This is my Spoon – Review of Doctor Who Robot of Sherwood

Three weeks into darker Doctor Peter Capaldi’s reign here’s a light-hearted fun romp which plays to the leading actors comedy roots.

It’s almost pantomime.

Review of Doctor Who Robot of Sherwood

The Doctor amuses us by believing that he’s in a medieval theme park trying to prove the inhabitants of Sherwood Forest are fakes. His heated interactions with Robin Hood are hilarious.

“I have no sword. I don’t need a sword. Because I am the Doctor and this is my spoon! En garde!”

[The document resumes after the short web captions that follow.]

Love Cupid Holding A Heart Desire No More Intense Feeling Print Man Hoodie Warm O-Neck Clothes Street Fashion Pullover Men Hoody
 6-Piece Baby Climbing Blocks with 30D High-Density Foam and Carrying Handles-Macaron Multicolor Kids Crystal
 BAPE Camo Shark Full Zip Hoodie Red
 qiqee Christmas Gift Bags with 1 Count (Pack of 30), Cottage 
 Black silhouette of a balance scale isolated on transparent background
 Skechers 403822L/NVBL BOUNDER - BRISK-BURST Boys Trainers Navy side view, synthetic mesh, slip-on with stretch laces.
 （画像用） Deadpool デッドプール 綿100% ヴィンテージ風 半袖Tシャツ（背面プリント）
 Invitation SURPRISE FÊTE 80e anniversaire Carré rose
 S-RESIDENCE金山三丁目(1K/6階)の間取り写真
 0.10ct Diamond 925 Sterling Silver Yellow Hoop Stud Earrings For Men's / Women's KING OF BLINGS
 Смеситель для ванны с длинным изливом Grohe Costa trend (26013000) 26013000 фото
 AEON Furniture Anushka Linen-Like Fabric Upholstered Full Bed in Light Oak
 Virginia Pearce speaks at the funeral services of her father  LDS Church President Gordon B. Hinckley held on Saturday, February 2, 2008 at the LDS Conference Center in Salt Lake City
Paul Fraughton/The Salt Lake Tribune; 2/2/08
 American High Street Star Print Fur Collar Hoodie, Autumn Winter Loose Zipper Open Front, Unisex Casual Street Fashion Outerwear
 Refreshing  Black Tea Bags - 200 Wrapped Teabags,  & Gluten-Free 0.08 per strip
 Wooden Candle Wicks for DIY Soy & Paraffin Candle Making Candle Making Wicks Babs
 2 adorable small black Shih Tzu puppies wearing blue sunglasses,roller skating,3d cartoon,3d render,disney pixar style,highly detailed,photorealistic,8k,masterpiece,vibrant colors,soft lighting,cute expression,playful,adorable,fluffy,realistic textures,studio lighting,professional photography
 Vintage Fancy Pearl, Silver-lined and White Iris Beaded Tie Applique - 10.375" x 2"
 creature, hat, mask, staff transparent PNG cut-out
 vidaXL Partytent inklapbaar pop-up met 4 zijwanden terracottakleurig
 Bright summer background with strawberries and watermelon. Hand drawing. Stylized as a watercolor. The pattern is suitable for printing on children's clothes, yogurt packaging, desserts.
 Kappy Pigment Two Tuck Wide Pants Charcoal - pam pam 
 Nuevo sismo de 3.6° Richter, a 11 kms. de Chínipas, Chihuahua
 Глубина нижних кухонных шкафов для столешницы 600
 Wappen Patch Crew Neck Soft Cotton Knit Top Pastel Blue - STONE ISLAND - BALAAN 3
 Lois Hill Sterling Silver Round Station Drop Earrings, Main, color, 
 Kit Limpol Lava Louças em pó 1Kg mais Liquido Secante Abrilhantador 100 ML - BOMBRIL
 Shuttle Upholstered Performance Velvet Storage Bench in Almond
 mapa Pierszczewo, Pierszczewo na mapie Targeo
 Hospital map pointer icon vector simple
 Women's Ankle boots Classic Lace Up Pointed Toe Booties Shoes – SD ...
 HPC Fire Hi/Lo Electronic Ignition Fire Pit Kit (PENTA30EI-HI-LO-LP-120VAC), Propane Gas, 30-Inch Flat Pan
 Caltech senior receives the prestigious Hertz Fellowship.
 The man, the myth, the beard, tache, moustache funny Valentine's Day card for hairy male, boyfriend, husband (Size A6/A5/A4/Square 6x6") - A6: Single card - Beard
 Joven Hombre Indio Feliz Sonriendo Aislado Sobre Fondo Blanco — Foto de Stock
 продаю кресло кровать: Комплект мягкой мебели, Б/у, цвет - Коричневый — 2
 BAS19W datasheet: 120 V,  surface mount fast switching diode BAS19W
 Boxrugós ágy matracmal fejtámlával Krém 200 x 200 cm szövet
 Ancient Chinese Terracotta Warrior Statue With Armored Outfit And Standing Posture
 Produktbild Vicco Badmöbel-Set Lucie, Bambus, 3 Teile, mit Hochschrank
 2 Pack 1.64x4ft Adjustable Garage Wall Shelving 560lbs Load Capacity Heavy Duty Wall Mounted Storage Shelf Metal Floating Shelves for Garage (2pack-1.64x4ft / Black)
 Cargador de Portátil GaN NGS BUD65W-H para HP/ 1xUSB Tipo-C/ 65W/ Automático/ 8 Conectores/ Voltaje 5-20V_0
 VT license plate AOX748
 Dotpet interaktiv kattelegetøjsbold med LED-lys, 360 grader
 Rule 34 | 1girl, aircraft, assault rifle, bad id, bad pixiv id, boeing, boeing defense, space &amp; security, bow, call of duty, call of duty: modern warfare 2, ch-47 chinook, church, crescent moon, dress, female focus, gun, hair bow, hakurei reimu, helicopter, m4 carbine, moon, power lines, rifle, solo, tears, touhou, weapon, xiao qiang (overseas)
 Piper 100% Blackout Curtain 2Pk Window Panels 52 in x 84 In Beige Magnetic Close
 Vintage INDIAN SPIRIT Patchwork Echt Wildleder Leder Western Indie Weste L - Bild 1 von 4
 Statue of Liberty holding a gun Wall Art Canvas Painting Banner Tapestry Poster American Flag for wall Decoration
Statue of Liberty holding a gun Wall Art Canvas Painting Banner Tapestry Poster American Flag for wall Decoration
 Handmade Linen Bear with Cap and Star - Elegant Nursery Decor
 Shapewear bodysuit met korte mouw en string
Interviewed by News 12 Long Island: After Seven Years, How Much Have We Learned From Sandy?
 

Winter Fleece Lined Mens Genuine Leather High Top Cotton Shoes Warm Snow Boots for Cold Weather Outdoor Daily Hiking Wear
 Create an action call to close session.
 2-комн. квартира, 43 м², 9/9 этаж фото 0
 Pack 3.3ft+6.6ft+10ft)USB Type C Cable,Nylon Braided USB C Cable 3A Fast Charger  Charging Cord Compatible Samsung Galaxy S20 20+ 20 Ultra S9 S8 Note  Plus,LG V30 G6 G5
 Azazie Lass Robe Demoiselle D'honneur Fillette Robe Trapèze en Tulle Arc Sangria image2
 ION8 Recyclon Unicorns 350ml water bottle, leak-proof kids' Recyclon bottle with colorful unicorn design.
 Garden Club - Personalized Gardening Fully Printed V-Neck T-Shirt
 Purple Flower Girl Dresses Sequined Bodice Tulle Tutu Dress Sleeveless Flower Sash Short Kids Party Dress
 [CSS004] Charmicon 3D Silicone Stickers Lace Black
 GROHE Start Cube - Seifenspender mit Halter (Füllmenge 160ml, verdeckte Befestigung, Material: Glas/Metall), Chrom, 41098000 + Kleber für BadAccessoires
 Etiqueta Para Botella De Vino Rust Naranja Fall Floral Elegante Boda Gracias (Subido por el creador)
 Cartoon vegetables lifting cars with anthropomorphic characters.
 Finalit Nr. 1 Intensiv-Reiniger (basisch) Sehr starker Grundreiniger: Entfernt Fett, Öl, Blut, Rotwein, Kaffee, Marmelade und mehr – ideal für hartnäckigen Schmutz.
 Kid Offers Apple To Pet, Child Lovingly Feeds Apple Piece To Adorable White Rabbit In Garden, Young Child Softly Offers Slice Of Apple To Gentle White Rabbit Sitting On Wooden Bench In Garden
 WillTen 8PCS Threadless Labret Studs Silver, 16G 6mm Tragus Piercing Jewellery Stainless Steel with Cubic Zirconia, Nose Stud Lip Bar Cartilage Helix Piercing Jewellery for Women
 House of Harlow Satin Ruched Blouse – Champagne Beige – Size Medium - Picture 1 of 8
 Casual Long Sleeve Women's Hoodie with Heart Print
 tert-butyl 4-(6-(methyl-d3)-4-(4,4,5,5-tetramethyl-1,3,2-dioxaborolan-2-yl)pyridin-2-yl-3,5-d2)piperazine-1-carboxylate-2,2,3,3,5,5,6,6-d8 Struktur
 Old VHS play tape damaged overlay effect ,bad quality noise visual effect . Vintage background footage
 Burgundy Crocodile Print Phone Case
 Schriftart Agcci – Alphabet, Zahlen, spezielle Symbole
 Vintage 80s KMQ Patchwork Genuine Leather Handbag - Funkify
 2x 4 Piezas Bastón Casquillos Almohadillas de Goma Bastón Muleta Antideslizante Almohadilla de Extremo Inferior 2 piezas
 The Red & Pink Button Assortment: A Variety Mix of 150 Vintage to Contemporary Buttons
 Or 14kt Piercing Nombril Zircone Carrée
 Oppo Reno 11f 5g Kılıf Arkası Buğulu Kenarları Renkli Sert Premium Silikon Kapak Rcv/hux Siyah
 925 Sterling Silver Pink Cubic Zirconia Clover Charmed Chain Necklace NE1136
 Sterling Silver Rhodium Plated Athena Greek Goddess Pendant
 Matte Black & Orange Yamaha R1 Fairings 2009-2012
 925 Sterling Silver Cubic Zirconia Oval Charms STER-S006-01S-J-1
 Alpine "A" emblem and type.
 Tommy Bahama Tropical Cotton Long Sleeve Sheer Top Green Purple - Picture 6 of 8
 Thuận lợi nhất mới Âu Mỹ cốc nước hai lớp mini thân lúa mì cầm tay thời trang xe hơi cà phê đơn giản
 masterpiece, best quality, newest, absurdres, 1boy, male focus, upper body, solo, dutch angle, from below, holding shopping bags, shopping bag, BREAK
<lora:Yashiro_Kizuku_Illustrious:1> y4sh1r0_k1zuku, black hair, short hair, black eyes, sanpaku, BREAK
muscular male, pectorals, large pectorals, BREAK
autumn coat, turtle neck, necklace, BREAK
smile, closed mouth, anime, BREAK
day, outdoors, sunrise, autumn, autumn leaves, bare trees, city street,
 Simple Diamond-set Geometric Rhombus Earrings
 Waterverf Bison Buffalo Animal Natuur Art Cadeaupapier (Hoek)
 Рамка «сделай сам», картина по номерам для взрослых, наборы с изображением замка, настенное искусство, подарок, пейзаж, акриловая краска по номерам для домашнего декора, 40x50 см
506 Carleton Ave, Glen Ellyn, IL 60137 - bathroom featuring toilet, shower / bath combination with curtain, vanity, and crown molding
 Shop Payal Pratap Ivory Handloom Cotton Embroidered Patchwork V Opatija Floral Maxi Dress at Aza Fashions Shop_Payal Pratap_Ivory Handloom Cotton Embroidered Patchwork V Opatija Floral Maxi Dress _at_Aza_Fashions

Ben Miller’s quietly spoken Sheriff of Nottingham steels from Alan Rickman’s film portrayal of the same role. Jenna Coleman shines once again as she avoids the Sheriff’s seduction and instead finds out all his secrets.

Robin Hood and his Merry Men are… Well. Merry.

It’s well-played and funny but hardly a classic episode. I’ve not got much more to say about other than the scene they cut.

The BBC announced that they excised a scene where Robin Hood beheads the Sheriff only for the Sheriff’s head to continue talking revealing that he is in fact a robot. They performed the edit in sympathy to the brutal real life murder of a woman in London a few days before transmission.

You can find the cut scene on the internet if you look for it. And actually the title of the story makes more sense if you know the Sheriff is a robot.

But in truth the story works just as well with the edit. The Sheriff’s motivations are just as plausible if he was fully human than if he was half machine.

What I question is the BBC publicity machine’s real intention in making such a big deal about the edit in the media.

If they hadn’t mentioned it none of us would have been any the wiser. But by promoting the cut they drew attention to it and arguably upset the murder victim’s family more than had they left the scene intact but unpublicised.